(Excerpts from a dataset)
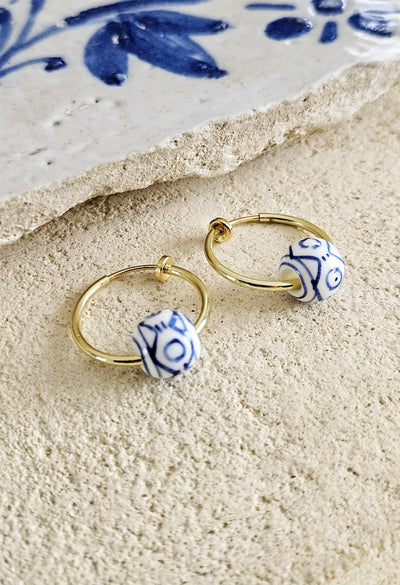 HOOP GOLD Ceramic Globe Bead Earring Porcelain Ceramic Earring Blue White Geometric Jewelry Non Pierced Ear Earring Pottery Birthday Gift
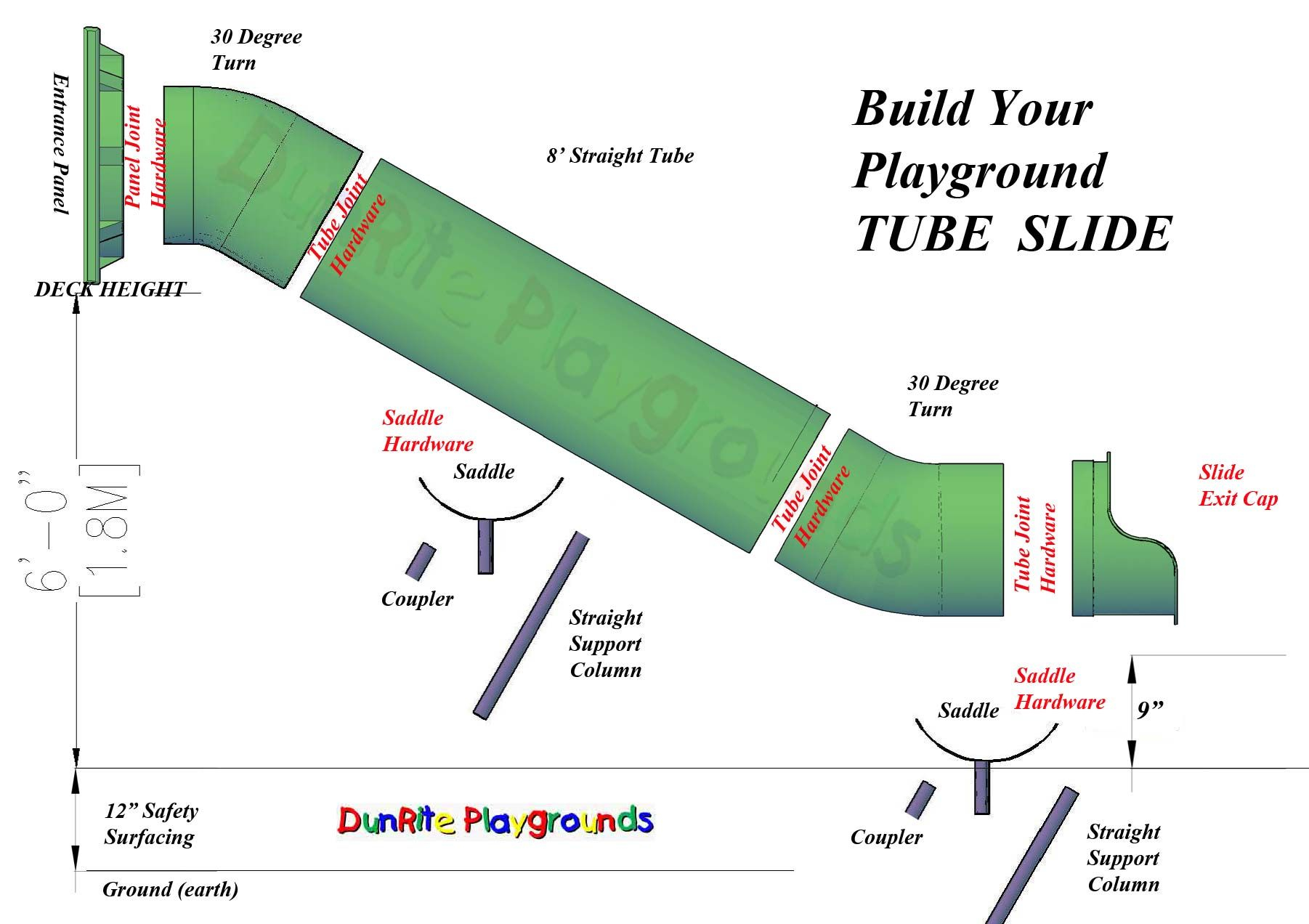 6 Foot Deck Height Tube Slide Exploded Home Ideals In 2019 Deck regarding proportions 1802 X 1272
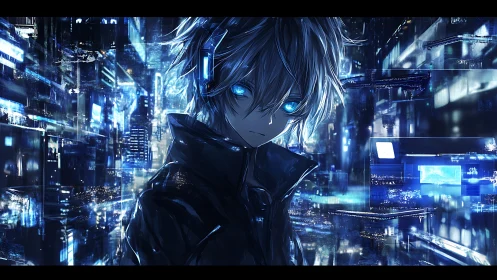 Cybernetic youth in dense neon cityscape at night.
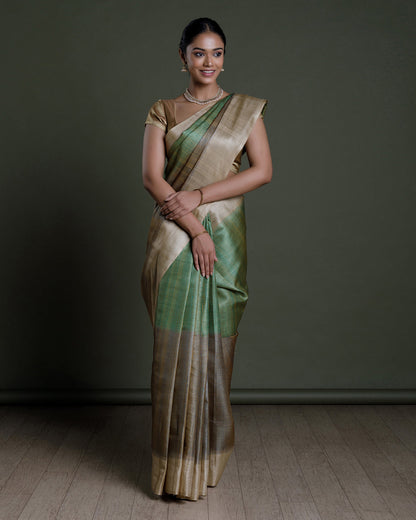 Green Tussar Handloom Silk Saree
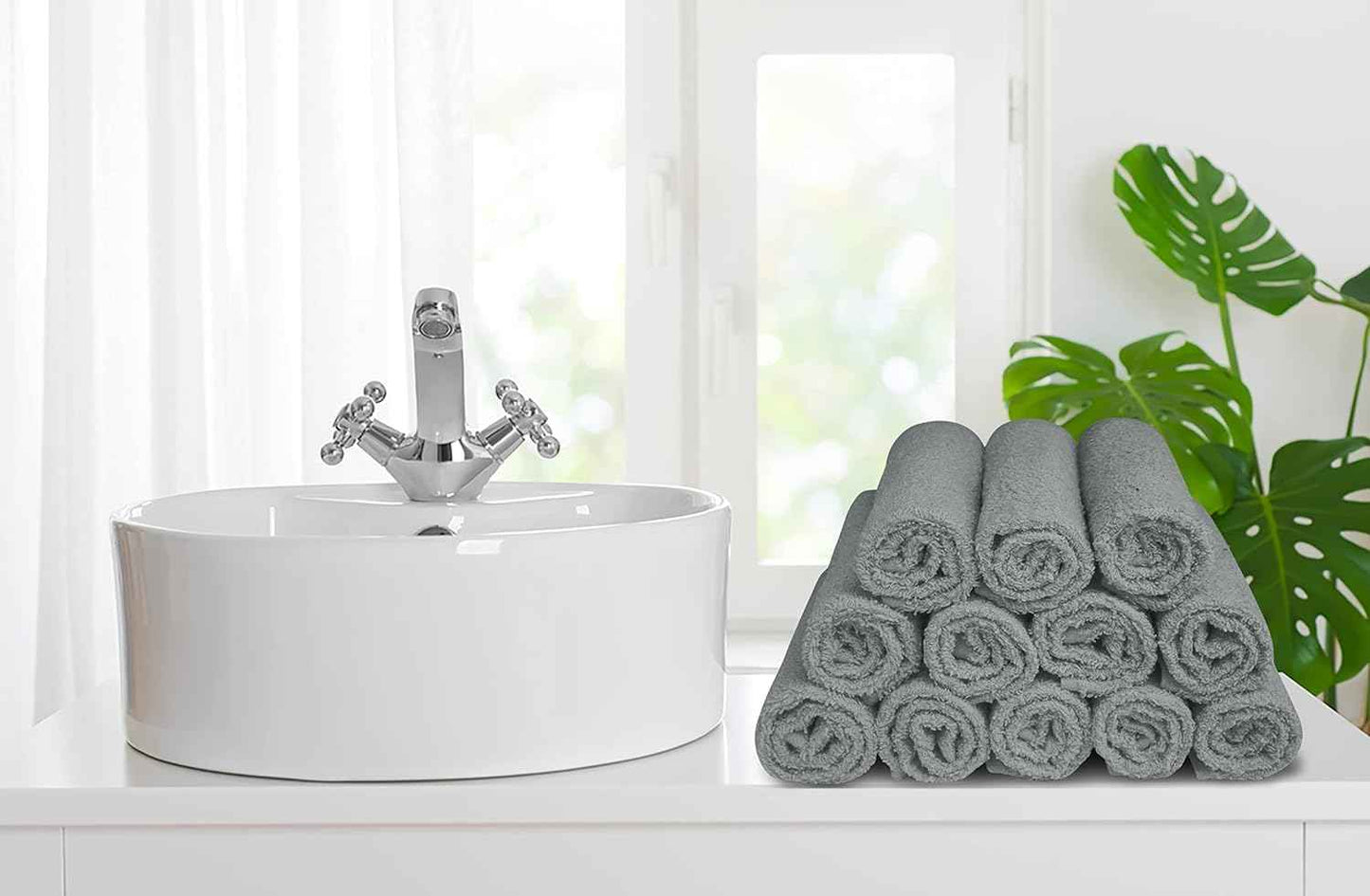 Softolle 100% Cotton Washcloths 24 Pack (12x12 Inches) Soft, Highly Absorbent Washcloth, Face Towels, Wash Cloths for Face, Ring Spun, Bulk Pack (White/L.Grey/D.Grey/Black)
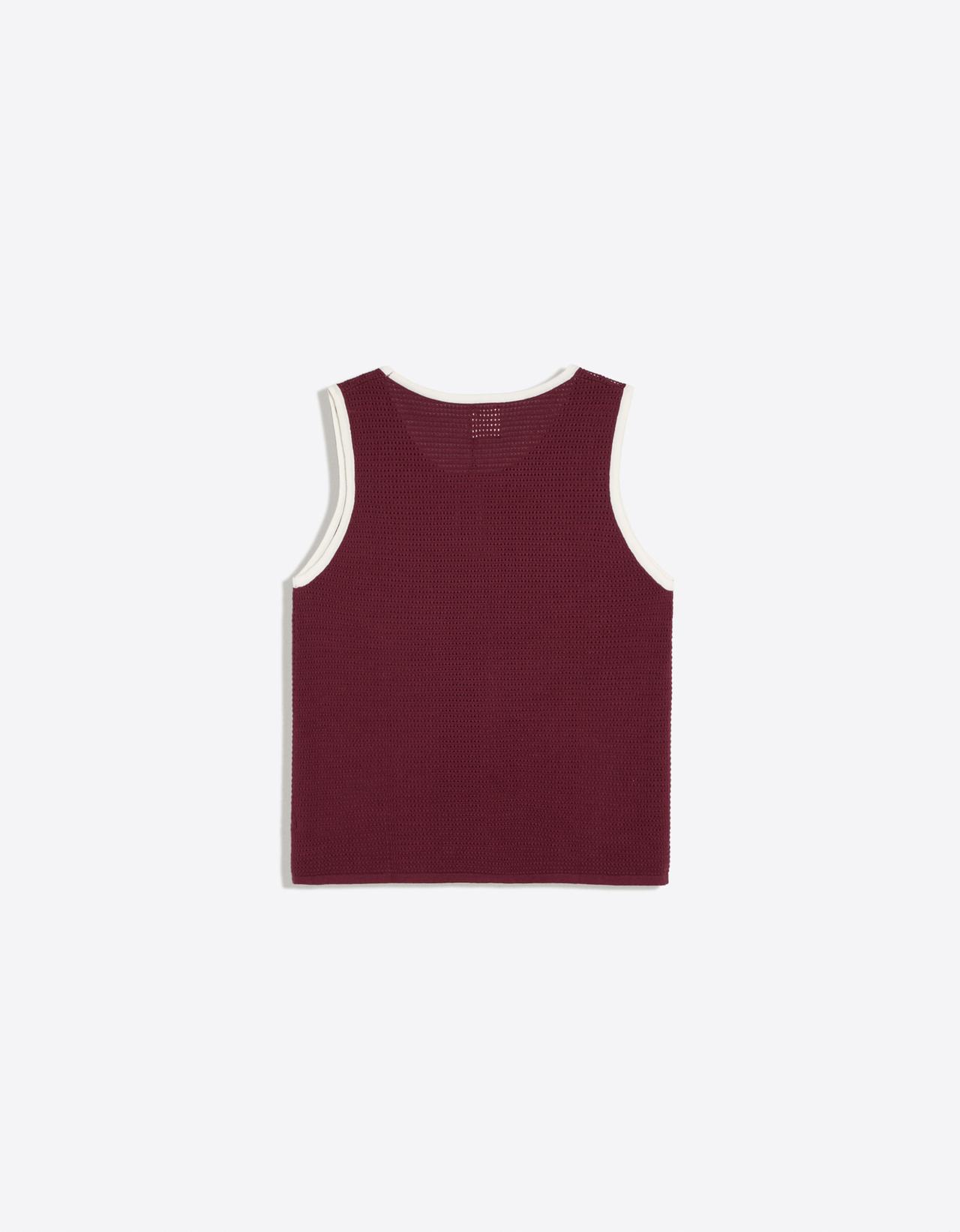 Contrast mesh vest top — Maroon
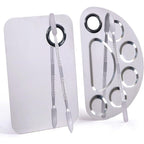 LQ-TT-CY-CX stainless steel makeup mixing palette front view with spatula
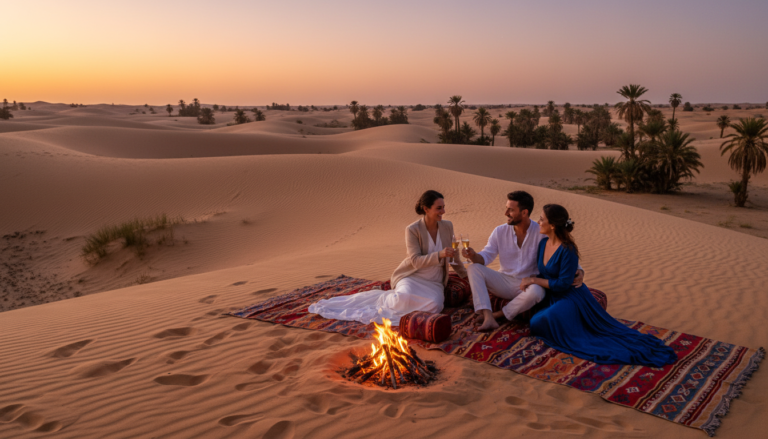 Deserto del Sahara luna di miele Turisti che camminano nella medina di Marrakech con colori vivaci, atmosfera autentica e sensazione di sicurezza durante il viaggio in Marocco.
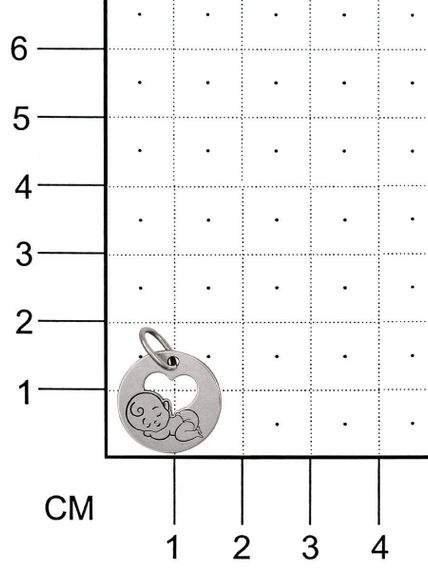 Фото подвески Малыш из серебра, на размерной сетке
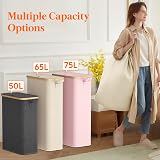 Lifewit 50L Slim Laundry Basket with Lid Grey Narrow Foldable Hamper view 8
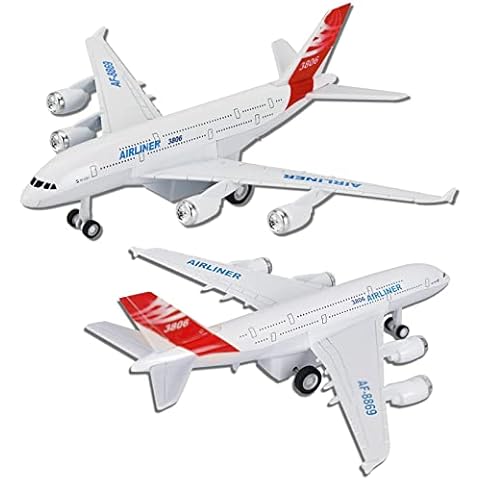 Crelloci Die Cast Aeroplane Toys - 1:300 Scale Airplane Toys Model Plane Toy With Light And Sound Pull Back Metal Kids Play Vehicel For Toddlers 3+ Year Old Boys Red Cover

WHAT TO WORK ON: Give again, word for word, the line that contains "Green Tussar Handloom Silk Saree" and every line after it through the end of the entries; omit the pictures.

RESULT OF THE TASK:
 Green Tussar Handloom Silk Saree
 Softolle 100% Cotton Washcloths 24 Pack (12x12 Inches) Soft, Highly Absorbent Washcloth, Face Towels, Wash Cloths for Face, Ring Spun, Bulk Pack (White/L.Grey/D.Grey/Black)
 Contrast mesh vest top — Maroon
 LQ-TT-CY-CX stainless steel makeup mixing palette front view with spatula
 Deserto del Sahara luna di miele Turisti che camminano nella medina di Marrakech con colori vivaci, atmosfera autentica e sensazione di sicurezza durante il viaggio in Marocco.
 Фото подвески Малыш из серебра, на размерной сетке
 Lifewit 50L Slim Laundry Basket with Lid Grey Narrow Foldable Hamper view 8
 Crelloci Die Cast Aeroplane Toys - 1:300 Scale Airplane Toys Model Plane Toy With Light And Sound Pull Back Metal Kids Play Vehicel For Toddlers 3+ Year Old Boys Red Cover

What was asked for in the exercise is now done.